In order to understand the Court’s recent decision, one must understand joint and several liability as well as the claim preclusion. A joint and several contract is a contract that is made both separately with each promisor and jointly with all the promisors. Parties to a joint and several contract are thus bound jointly, so they are liable for the entire obligation, and severally, so each may be sued separately for the entire loss. This allows individual promisors to be sued for enforcement of a contract without joining all co-promisors.

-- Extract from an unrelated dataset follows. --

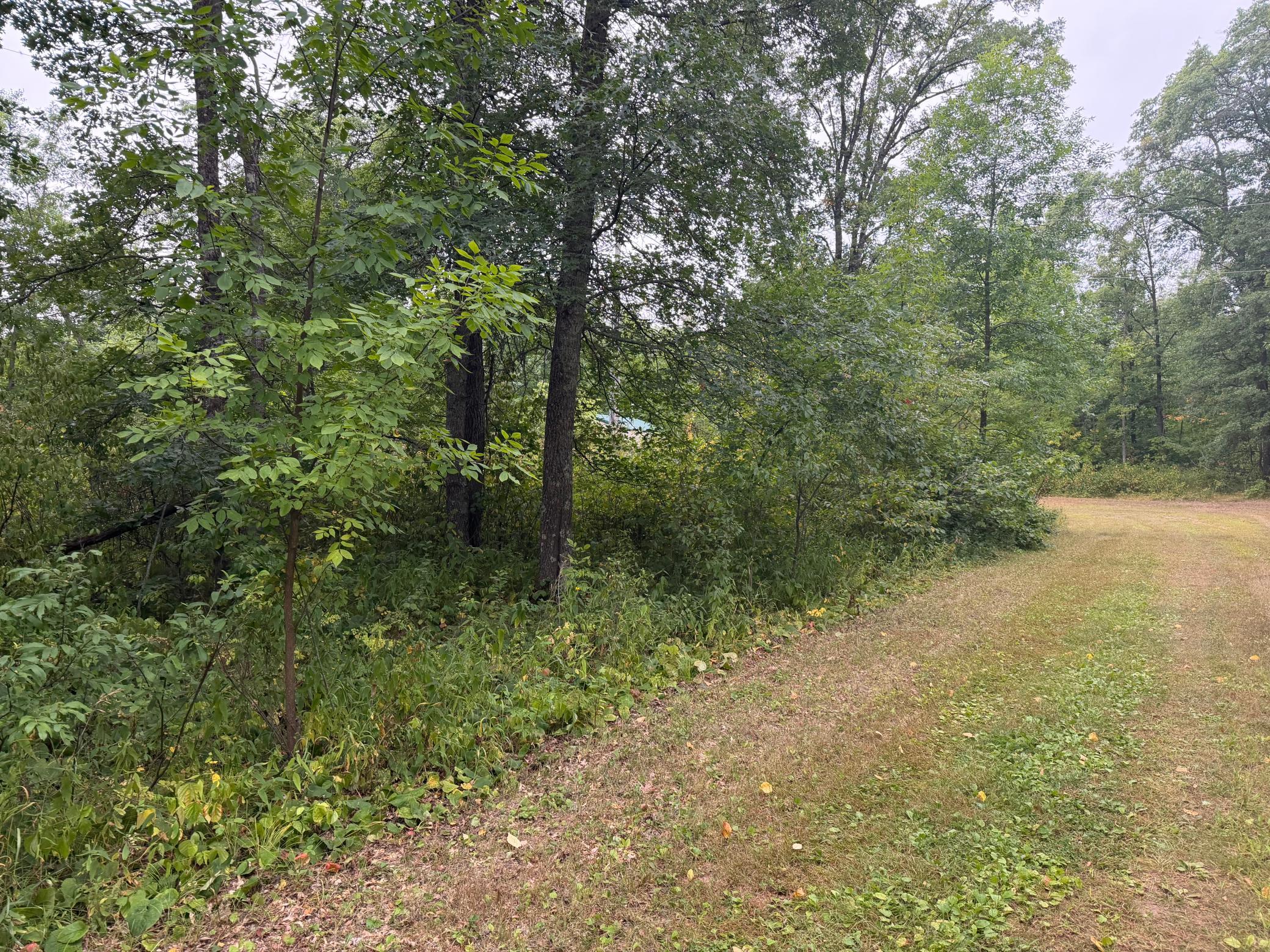 land for sale at Lot 2 Whitetail in Crosby, MN (photo 5 of 5)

The claim preclusion doctrine prevents re-litigation of the same cause of action in a second suit between the same parties or parties in privity with them. Claim preclusion arises if a second suit involves: (1) the same cause of action (2) between the same parties (3) after a final judgment on the merits in the first suit. If claim preclusion is established, it operates to bar re-litigation of the claim altogether.
The relationship of these two doctrines was at the center of DKN Holdings, LLC v. Faerber. In that case, DKN leased commercial space to three leasees. The lease provided that the leasees had “joint and several responsibility” to comply with the lease terms. One of the leasees sued DKN for breach of contract, among other causes of action. DKN cross-complained for rent and other monies due. All leasees were originally named in the cross-complaint, but only the plaintiff was served. The other two leasees were dismissed without being served. After a bench trial, the court rejected the plaintiff’s claims and awarded $2.8 million on DKN’s cross-complaint.
Before the statement of decision was filed, DKN sued the other remaining leasees in a separate action. One of those leasees demurred, arguing that, because DKN’s rights under the lease had been adjudicated in the previous action, the suit against the remaining leasees was barred by claim preclusion. The trial court sustained the demurrer, and the Court of Appeal affirmed.
On appeal, the Supreme Court of California held that claim preclusion did not apply. Because claim preclusion only bars repeated claims for the same relief between the same parties, a judgment in an action does not bar a judgment in a later action alleging the same claim of wrongdoing as long as the suits are against different parties. Only a satisfaction of the contractual obligation would bar DKN from suing the remaining leasees. Here, because the judgment from the first lawsuit had not been satisfied when the second suit was filed, the second suit was permissible.
The Court’s decision highlights the importance of understanding the application of the doctrines of claim preclusion, issue preclusion, and joint and several liability. It likewise demonstrates that even if a co-obligor on a contract is not joined in a first lawsuit, there is still a risk of liability in a subsequent action.